Süleyman'ın Hikmeti
18:1 Yine de azizlerinin çok büyük bir ışığı vardı;
işitme ve şekillerini görmeme, çünkü onlar da acı çekmemişti.
aynı şeyler, onları mutlu saydılar.
18:2 Ama bundan dolayı, zulme uğradıkları onlara şimdi zarar vermediler.
daha önce onlara teşekkür ettiler ve yaptıklarından dolayı af dilediler.
düşman olmuş
18:3 Bunun yerine onlara yanan bir ateş sütunu verdin.
bilinmeyen yolculuğun rehberi ve onları eğlendirmek için zararsız bir güneş
onurlu bir şekilde.
18:4 Çünkü onlar ışıktan yoksun bırakılmaya, karanlığa hapsedilmeye layıktı.
Oğullarını susturan, yasanın bozulmaz ışığını kim tuttu?
dünyaya verilecekti.
18:5 Kutsalların bebeklerini öldürmeye karar verdiklerinde, bir çocuk
onları azarlamak için ileri atılıp kurtarıldığın için,
çocuklarından çok sayıda ve onları güçlü bir şekilde tamamen yok etti
su.
18:6 O geceyi, kesinlikle bilen atalarımız önceden belgelediler.
hangi yeminlere güvendiler, daha sonra
iyi tezahürat.
18:7 Böylece senin halkından hem doğruların kurtuluşu, hem de
düşmanların yok edilmesi.
18:8 Düşmanlarımızı cezalandırdığın şeyle,
çağırdığın bizi yücelt.
18:9 Çünkü iyi adamların salih çocukları kurbanlarını gizlice ve
tek bir rıza, azizlerin ortakları gibi olması gerektiğine dair kutsal bir yasa yaptı.
aynı iyilik ve kötülük, şimdi babalar övgü şarkıları söylüyor.
18:10 Ama öte yandan düşmanların kötü bir haykırışı duyuldu.
ve yurt dışına taşınan çocuklar için içler acısı bir gürültü
feryat etti.
18:11 Efendi ve uşak bir şekilde cezalandırıldı; ve gibi
kral, sıradan insan çok acı çekti.
18:12 Böylece hepsinin bir tür ölümü olan sayısız ölümü oldu.
yaşayanlar da onları gömmeye yetmedi: çünkü bir anda
onların en soylu çocukları yok edildi.
18:13 Oysa onlar hiçbir şeye inanmayacaklardı.
büyüler; ilk doğanın yok edilmesi üzerine, kabul ettiler
Bu insanlar Tanrı'nın oğulları olmak.
18:14 Çünkü her şey derin bir sessizlik içindeyken, o gece sabahın köründeydi.
hızlı rotasının ortasında,
18:15 Her Şeye Gücü Yeten sözün gökten, kraliyet tahtından aşağı indi.
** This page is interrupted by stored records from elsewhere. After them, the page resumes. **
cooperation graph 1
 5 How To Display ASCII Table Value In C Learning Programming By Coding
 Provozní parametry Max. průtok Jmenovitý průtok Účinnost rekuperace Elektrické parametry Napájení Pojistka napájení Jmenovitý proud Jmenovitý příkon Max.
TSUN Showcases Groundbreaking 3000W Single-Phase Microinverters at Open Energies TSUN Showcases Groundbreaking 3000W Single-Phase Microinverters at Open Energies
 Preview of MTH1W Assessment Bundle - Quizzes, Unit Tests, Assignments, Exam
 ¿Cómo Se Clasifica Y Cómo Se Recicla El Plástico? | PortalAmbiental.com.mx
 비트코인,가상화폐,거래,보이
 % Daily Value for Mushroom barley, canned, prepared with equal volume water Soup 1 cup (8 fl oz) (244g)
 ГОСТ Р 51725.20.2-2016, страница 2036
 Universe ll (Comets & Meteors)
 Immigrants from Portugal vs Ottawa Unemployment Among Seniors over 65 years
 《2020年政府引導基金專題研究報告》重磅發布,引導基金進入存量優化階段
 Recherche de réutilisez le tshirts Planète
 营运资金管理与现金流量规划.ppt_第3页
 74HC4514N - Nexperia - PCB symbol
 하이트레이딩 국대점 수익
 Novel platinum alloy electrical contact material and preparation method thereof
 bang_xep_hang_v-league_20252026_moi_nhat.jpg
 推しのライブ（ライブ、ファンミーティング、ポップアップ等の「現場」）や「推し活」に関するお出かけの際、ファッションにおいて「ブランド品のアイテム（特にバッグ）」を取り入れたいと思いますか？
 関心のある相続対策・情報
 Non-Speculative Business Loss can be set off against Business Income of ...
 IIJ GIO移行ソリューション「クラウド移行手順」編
Yıkım diyarının ortasında şiddetli bir savaş adamı,
18:16 Haksız buyruğunu keskin bir kılıç gibi getirdin,
her şeyi ölümle doldurdu; ve göğe dokundu ama durdu
yeryüzünün üzerinde.
18:17 Derken korkunç düşler onları birdenbire rahatsız etti, korkular
beklenmedik bir şekilde karşılarına çıktı.
18:18 Biri buraya, diğeri oraya atıldı, yarı ölüydü.
onun ölümü.
18:19 Çünkü onları rahatsız eden rüyalar, daha fazla üzülmesinler diye bunu önceden bildiriyordu.
mahvolurlar ve neden acı çektiklerini bilmezler.
18:20 Evet, ölümü tatmak doğrulara da dokundu ve
çölde kalabalığın yok edilmesi: ama gazap sürdü
uzun değil.
18:21 Bunun üzerine kusursuz adam acele etti ve onları savunmak için öne çıktı.
ve uygun hizmetinin kalkanını, hatta duasını ve
tütsünün yatıştırılması, kendini gazaba karşı koymak ve böylece getirdi
senin kulun olduğunu ilan ederek felaketi sona erdirdi.
18:22 Böylece yok ediciyi yendi, ne vücut gücüyle ne de silah gücüyle
silahlar, ancak onu cezalandıran, yeminleri iddia eden bir sözle bastırdı ve
babalarla yapılan antlaşmalar
18:23 Ölüler üst üste yığılırken,
arada durarak gazabı durdurdu ve yaşayanların yolunu ayırdı.
18:24 Çünkü bütün dünya uzun esvap içindeydi, Ve dünyanın dört sırasıydı.
taşlar oyulmuş babaların ihtişamıydı ve Majesteleri
başının daidemi.
18:25 Yok edici bunlara yer verdi ve onlardan korktu.
yeter ki onlar sadece gazabı tattılar.